Posted from TSR Mobile
0
reply
sophia5892
Badges: 20
Rep:
?
#2
Report 5 years ago
#2
(Original post by Edminzodo)
I want to take the Oriental Studies course in Japanese, and I have narrowed it down to these universities:

Edinburgh
Leeds
Manchester
Oxford
Newcastle
Nottingham
Sheffield
SOAS

Does anyone have any experience of these universities and could you please tell me some pros and cons? Thanks.

Posted from TSR Mobile
I take French, German and Japanese at Newcastle and I'm in final year now
Pros:
flexible entry and exit levels - Japanese is offered from very beginner's up to higher advanced level designed to reach JLPT 1 (Levels A - D). a beginner would usually take levels A, B and C but it is possible to skip to Level D after your Year Abroad if you reach the required level - and that is a very real possibility.
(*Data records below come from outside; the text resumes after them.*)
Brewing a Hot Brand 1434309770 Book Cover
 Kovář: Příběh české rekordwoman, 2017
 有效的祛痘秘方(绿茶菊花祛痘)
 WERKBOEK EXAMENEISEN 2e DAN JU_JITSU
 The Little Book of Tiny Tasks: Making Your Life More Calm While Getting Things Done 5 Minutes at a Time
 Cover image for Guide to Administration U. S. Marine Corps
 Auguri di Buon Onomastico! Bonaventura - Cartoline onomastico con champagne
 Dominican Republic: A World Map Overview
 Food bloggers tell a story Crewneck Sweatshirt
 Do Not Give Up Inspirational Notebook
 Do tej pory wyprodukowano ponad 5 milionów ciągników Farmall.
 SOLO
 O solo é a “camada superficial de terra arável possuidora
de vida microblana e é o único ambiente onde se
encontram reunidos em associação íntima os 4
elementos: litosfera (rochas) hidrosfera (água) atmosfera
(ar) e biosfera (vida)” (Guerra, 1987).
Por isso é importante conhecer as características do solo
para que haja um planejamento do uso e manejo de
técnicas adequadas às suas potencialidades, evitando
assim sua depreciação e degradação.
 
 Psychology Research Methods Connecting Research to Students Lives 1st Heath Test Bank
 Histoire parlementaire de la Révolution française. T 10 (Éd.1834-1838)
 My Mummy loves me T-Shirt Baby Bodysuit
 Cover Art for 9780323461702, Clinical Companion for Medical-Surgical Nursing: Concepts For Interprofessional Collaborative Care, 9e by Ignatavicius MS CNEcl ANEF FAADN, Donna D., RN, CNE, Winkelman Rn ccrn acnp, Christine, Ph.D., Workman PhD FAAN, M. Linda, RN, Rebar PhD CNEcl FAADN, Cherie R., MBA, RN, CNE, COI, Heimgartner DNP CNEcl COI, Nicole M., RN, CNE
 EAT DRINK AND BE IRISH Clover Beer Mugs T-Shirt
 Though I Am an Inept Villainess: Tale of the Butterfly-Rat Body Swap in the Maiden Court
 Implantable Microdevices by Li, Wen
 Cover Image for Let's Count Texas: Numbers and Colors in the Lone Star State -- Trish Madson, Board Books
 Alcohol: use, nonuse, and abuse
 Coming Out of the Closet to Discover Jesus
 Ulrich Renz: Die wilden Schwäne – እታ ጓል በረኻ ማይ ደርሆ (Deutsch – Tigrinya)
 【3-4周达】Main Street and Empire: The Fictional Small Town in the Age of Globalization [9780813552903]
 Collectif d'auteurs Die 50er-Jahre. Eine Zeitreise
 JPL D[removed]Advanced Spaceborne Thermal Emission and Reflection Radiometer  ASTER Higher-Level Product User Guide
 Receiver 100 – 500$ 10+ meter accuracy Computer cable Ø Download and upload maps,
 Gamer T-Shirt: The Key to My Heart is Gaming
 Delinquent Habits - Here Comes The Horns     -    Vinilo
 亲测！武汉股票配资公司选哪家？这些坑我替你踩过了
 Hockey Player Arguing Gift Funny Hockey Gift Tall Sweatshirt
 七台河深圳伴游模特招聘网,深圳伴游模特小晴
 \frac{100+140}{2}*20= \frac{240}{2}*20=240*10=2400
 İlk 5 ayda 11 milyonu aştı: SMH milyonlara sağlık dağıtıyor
I failed the placement test for Level D by 4 marks, and we only had a couple of months notice that we could do that (Level D is relatively new) so I hadn't exactly studied or put in any special effort for it. And the other way around - if you have some japanese knowledge already you don't have to sit through the beginner's course.

small classes - up to 15 students in a class. This year we had 13 students in Level C and just 2 in Level D.

Year Abroad in third year - I believe Leeds send you in your second year. I really wouldn't recommend this unless you're starting uni with A Level Japanese. My skills after first year were nowhere near the standard I'd have wanted to be at for a Year Abroad and if I'd have been made to go so soon then I probably wouldn't have been benefited as much from my time there - I found trying to talk to people scary enough after two years at uni so I think if I'd have gone abroad in second year I'd have spent all my time with the other foreigners speaking English and not integrating! Also it would have been way more stressful - English is not widely spoken at all there so you really do need to use Japanese when you're out and about.

Flexible Year Abroad - Newcastle offers Year Abroad placements at a variety of unis, from way up north in Hokkaido to down south in Fukuoka. Quite a few are in Tokyo but you also have Kyoto, Hiroshima, Akita etc. Something for everyone basically. You're allocated to a uni based on a list of your top 3 preferences with most students getting their first choice. I point this out as an advantage because some unis (not sure if this applies to any on your list) have very limited exchange partners or send all their students to one uni which minimises your chances of integrating as you're likely to stay with the students you know.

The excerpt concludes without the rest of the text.